Ball bearings leave the horizontal trough with a velocity of magnitude $u$ and fall through the $70mm$ diameter hole as shown. Calculate the permissible range of $u$ which will enable the balls to enter the hole.

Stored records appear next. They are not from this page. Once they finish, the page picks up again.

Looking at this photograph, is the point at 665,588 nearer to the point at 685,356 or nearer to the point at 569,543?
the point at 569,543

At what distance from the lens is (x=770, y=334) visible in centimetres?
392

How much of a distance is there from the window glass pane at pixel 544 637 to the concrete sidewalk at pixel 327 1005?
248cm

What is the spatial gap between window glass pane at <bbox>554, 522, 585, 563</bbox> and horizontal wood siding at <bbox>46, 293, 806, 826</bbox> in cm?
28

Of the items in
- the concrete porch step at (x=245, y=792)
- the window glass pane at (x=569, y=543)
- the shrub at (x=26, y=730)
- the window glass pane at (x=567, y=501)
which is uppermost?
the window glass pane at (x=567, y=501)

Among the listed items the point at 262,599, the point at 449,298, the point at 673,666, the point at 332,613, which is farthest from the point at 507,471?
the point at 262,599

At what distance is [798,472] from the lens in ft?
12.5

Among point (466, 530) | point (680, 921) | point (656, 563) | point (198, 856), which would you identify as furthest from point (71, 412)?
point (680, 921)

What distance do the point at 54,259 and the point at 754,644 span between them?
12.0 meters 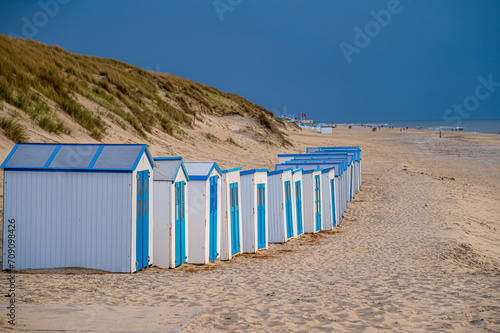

Take the dotted positions to represent the limiting conditions. (Take $g=10m/s^2\text{and}\sqrt{10}=3.2$)

• A. $u=0.62m/s$ to $1.01m/s$
• B. $u=0.76m/s$ to $1.16m/s$
• C. $u=0.43m/s$ to $1.91m/s$
• D. $u=0.80m/s$ to $1.03m/s$

Answer 1

The correct option is B $u=0.76m/s$ to $1.16m/s$



Horizontal distance travelled by the ball in time $t$,
$s=ut--\left(1\right)$
Vertical distance travelled by the ball in time $t$,
$h=\frac{1}{2}g{t}^2\Rightarrow t=\sqrt{\frac{2h}{g}}--\left(2\right)$
Substituting $\left(2\right)$ in $\left(1\right)$, $u=\frac{s}{\sqrt{\frac{2h}{g}}}$
To fall through the hole, the centre of the ball bearing must be within the range of C and D with limited trajectories between BC and BD.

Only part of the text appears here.